Update: See also Justice Alito's conduct and the Court's credibility (Greenwald).

Reflecting the anger of the American people towards huge-moneyed special interests, President Obama assumed a populist tone in his State of the Union Address last night, using a derivation of the word "bank" and "lobbyist" in a negative fashion some 20 times, and defending Wisconsin Senator Russ Feingold's signature legislative achievement against the recent Republican-led Court decision widely blasted as ultra-activist and intellectually dishonest.

Obama singled out the Supreme Court's decision in Citizens United v. Federal Election Commission (08-205) that eviscerated the effect and policy rationale of the McCain-Feingold campaign finance reform law (Bipartisan Campaign Reform Act of 2002 (BCRA)) by allowing unlimited general treasury funds of for-profit corporations to be directed to corporations' chosen candidates for political office in political ads. Said Obama:

With all due deference to separation of powers, last week the Supreme Court reversed a century of law that I believe will open the floodgates for special interests –- including foreign corporations –- to spend without limit in our elections. I don't think American elections should be bankrolled by America's most powerful interests, or worse, by foreign entities. They should be decided by the American people. And I'd urge Democrats and Republicans to pass a bill that helps to correct some of these problems.
Supreme Court Justice Samual Alito visibly disparaged Obama's criticism of the Court's decision, Citizens United.
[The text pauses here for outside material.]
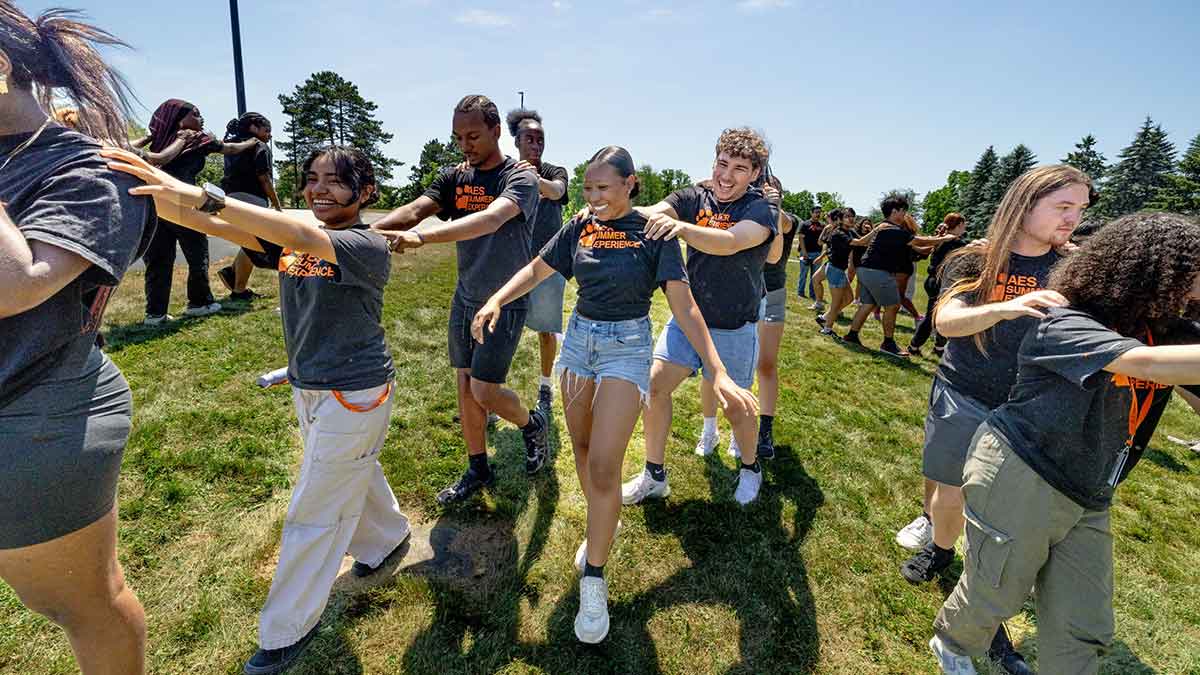Students participate in an outdoor conga line during a summer program activity on a sunny day.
Justices Antonin Scalia, Anthony M. Kennedy, and Clarence Thomas of the Republican Court majority in Citizens United had previously joined an opinion issued by Chief Justice William H. Rehnquist in Timmons v. Twin Cities Area New Party (951608) (1997), reading in part: ''Ballots serve primarily to elect candidates, not as fora for political expression," contradicting their supposed advocacy of First Amendment rights in election law in the case Obama alluded to in his address.